…continuing my running commentary on the ItzBIG Blog series of articles on the Candidate Bill of Rights.
“Consideration” is the topic of today’s post. I think it is euphemistically reworded, to eliminate the word discrimination. Discrimination is an awful and ugly word. Especially when you see it in practice. We don’t allow that here. We don’t work with clients that move in that direction.
Now it is a fact of life that in recruiting we are discriminating, on a daily basis, just not the illegal kind. At least the good and ethical recruiters aren’t. But we are all discriminating. We are judging the value potential of prospective candidates. We toss some. We keep some in files. We present some. All are not ‘considered’ equal, for that is one of the things we get paid for. Finding talent that rises above the rest, and bringing that to our client.
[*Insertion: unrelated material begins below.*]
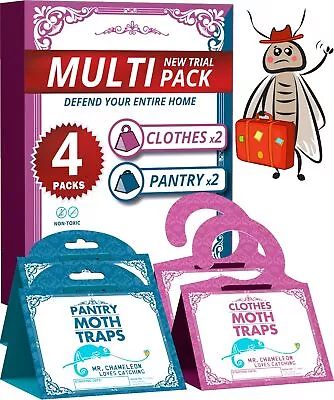 Moth Traps Multi-Pack ✓✓ 4 Pack Bundle (2 Pantry Moth Trap+2 Clothes Moth... • $17.99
We must be careful, however, to only judge the differences that have something to do with the job and the successful completion of the tasks required in that job. We must not see a company that is majority white (or black) and gravitate to sending only candidates that match that racial profile. We must not look at graduation dates and say to ourselves “this guy/gal is too old, they’d never consider him/her.” And when we here talk like that from our client companies, we have to be prepared. We have a response ready to go. It is three step. One, we ask if the is an EEOC mandate in place. If not, secondly, we tell the company that we do not discriminate against any protected categories and will present ALL qualified candidates. If we see that a clear pattern of discrimination or the desire to discriminate is developing, we sever our relationship with that client. What is your response?